• **ACTIVITY**
Among the entries below, find all lines that include "thumbnail" and copy them.

• **EXTRACTED RECORDS**
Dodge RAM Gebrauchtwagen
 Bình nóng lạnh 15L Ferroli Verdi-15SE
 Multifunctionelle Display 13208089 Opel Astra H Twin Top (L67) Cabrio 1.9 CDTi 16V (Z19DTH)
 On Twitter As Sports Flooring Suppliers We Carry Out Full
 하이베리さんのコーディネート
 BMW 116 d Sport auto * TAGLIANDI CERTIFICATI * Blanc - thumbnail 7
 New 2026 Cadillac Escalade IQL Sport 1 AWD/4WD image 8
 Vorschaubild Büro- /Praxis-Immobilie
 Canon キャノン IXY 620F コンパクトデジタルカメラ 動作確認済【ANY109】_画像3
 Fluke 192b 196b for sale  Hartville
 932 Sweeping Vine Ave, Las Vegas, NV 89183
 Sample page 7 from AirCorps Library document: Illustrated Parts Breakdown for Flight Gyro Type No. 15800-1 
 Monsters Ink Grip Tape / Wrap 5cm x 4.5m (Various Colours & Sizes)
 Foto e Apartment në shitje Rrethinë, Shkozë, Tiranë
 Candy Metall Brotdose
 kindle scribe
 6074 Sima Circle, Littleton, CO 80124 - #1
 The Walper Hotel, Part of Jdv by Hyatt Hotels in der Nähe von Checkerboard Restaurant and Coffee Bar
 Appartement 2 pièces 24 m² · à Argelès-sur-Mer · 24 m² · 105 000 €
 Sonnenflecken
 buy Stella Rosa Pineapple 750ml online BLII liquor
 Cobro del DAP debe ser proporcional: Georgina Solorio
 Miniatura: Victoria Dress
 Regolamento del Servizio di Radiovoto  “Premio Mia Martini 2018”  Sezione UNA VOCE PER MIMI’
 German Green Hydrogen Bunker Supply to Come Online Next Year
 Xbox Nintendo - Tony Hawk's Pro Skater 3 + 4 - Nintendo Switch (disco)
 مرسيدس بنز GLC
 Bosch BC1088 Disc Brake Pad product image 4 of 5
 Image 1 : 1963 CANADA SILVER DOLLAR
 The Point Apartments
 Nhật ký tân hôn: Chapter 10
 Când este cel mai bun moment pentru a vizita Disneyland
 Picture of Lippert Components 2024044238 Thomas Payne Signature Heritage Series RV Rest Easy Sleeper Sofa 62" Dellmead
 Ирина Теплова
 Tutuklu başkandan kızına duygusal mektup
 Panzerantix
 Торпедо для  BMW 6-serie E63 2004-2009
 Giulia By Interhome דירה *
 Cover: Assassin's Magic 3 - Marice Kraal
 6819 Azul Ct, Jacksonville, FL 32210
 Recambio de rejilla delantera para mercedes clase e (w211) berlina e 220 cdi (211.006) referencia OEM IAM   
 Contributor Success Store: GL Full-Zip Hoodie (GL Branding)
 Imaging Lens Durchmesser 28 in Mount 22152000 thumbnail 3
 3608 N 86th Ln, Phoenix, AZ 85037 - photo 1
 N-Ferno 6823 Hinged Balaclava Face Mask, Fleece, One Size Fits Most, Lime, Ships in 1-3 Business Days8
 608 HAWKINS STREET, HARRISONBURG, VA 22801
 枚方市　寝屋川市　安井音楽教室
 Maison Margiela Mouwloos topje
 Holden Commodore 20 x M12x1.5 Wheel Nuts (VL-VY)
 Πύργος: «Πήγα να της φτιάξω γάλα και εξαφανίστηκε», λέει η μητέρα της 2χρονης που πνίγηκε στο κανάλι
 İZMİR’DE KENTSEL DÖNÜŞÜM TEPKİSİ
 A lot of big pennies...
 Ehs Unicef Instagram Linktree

• **SOLUTION TO THIS TASK**
 BMW 116 d Sport auto * TAGLIANDI CERTIFICATI * Blanc - thumbnail 7
 Imaging Lens Durchmesser 28 in Mount 22152000 thumbnail 3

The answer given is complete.